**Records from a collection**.
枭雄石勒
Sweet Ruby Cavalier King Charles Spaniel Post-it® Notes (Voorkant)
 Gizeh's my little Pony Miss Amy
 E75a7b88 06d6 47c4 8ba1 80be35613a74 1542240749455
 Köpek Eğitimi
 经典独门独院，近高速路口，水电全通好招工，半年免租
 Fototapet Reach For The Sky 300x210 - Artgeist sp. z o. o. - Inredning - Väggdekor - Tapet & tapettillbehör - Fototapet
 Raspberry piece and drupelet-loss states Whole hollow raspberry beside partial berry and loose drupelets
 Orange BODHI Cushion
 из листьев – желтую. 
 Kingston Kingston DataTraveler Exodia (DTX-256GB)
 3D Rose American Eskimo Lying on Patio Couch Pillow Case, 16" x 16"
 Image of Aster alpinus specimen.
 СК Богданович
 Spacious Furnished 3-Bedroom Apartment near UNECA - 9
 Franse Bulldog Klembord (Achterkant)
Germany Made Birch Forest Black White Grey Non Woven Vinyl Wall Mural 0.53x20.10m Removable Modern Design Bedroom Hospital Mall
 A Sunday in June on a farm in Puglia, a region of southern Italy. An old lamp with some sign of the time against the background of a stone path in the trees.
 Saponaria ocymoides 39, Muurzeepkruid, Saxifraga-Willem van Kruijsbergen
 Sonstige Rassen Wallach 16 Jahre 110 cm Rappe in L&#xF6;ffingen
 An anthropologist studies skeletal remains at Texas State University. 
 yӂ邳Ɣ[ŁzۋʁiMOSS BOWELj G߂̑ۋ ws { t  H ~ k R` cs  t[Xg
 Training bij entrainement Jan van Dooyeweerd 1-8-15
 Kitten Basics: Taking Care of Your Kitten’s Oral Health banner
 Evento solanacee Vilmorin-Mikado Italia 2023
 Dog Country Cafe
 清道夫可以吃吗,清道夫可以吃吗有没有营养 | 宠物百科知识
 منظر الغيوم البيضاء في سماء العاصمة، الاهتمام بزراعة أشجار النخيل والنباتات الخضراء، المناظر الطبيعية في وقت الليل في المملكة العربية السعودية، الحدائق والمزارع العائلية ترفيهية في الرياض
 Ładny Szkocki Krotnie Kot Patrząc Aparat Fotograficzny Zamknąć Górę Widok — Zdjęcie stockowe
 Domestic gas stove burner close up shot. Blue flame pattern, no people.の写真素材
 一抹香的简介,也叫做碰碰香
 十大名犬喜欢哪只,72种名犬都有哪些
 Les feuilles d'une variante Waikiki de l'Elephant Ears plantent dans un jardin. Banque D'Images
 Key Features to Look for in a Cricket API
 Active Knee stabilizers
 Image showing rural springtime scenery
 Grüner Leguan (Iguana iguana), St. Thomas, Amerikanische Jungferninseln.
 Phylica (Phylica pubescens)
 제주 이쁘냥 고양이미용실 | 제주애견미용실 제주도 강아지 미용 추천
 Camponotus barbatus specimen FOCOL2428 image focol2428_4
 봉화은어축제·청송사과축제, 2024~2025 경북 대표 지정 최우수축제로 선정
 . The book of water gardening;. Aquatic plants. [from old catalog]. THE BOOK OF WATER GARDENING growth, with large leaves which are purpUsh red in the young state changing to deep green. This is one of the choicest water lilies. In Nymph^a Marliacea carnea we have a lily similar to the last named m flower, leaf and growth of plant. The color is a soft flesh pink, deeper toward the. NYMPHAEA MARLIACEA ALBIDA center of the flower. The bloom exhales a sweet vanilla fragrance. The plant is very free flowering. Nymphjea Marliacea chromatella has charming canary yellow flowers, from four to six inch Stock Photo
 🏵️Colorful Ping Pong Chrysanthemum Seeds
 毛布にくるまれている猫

**THE PROBLEM**. Every record above is to be copied exactly.

**ANSWER TO THIS PROBLEM**.
枭雄石勒
Sweet Ruby Cavalier King Charles Spaniel Post-it® Notes (Voorkant)
 Gizeh's my little Pony Miss Amy
 E75a7b88 06d6 47c4 8ba1 80be35613a74 1542240749455
 Köpek Eğitimi
 经典独门独院，近高速路口，水电全通好招工，半年免租
 Fototapet Reach For The Sky 300x210 - Artgeist sp. z o. o. - Inredning - Väggdekor - Tapet & tapettillbehör - Fototapet
 Raspberry piece and drupelet-loss states Whole hollow raspberry beside partial berry and loose drupelets
 Orange BODHI Cushion
 из листьев – желтую. 
 Kingston Kingston DataTraveler Exodia (DTX-256GB)
 3D Rose American Eskimo Lying on Patio Couch Pillow Case, 16" x 16"
 Image of Aster alpinus specimen.
 СК Богданович
 Spacious Furnished 3-Bedroom Apartment near UNECA - 9
 Franse Bulldog Klembord (Achterkant)
Germany Made Birch Forest Black White Grey Non Woven Vinyl Wall Mural 0.53x20.10m Removable Modern Design Bedroom Hospital Mall
 A Sunday in June on a farm in Puglia, a region of southern Italy. An old lamp with some sign of the time against the background of a stone path in the trees.
 Saponaria ocymoides 39, Muurzeepkruid, Saxifraga-Willem van Kruijsbergen
 Sonstige Rassen Wallach 16 Jahre 110 cm Rappe in L&#xF6;ffingen
 An anthropologist studies skeletal remains at Texas State University. 
 yӂ邳Ɣ[ŁzۋʁiMOSS BOWELj G߂̑ۋ ws { t  H ~ k R` cs  t[Xg
 Training bij entrainement Jan van Dooyeweerd 1-8-15
 Kitten Basics: Taking Care of Your Kitten’s Oral Health banner
 Evento solanacee Vilmorin-Mikado Italia 2023
 Dog Country Cafe
 清道夫可以吃吗,清道夫可以吃吗有没有营养 | 宠物百科知识
 منظر الغيوم البيضاء في سماء العاصمة، الاهتمام بزراعة أشجار النخيل والنباتات الخضراء، المناظر الطبيعية في وقت الليل في المملكة العربية السعودية، الحدائق والمزارع العائلية ترفيهية في الرياض
 Ładny Szkocki Krotnie Kot Patrząc Aparat Fotograficzny Zamknąć Górę Widok — Zdjęcie stockowe
 Domestic gas stove burner close up shot. Blue flame pattern, no people.の写真素材
 一抹香的简介,也叫做碰碰香
 十大名犬喜欢哪只,72种名犬都有哪些
 Les feuilles d'une variante Waikiki de l'Elephant Ears plantent dans un jardin. Banque D'Images
 Key Features to Look for in a Cricket API
 Active Knee stabilizers
 Image showing rural springtime scenery
 Grüner Leguan (Iguana iguana), St. Thomas, Amerikanische Jungferninseln.
 Phylica (Phylica pubescens)
 제주 이쁘냥 고양이미용실 | 제주애견미용실 제주도 강아지 미용 추천
 Camponotus barbatus specimen FOCOL2428 image focol2428_4
 봉화은어축제·청송사과축제, 2024~2025 경북 대표 지정 최우수축제로 선정
 . The book of water gardening;. Aquatic plants. [from old catalog]. THE BOOK OF WATER GARDENING growth, with large leaves which are purpUsh red in the young state changing to deep green. This is one of the choicest water lilies. In Nymph^a Marliacea carnea we have a lily similar to the last named m flower, leaf and growth of plant. The color is a soft flesh pink, deeper toward the. NYMPHAEA MARLIACEA ALBIDA center of the flower. The bloom exhales a sweet vanilla fragrance. The plant is very free flowering. Nymphjea Marliacea chromatella has charming canary yellow flowers, from four to six inch Stock Photo
 🏵️Colorful Ping Pong Chrysanthemum Seeds
 毛布にくるまれている猫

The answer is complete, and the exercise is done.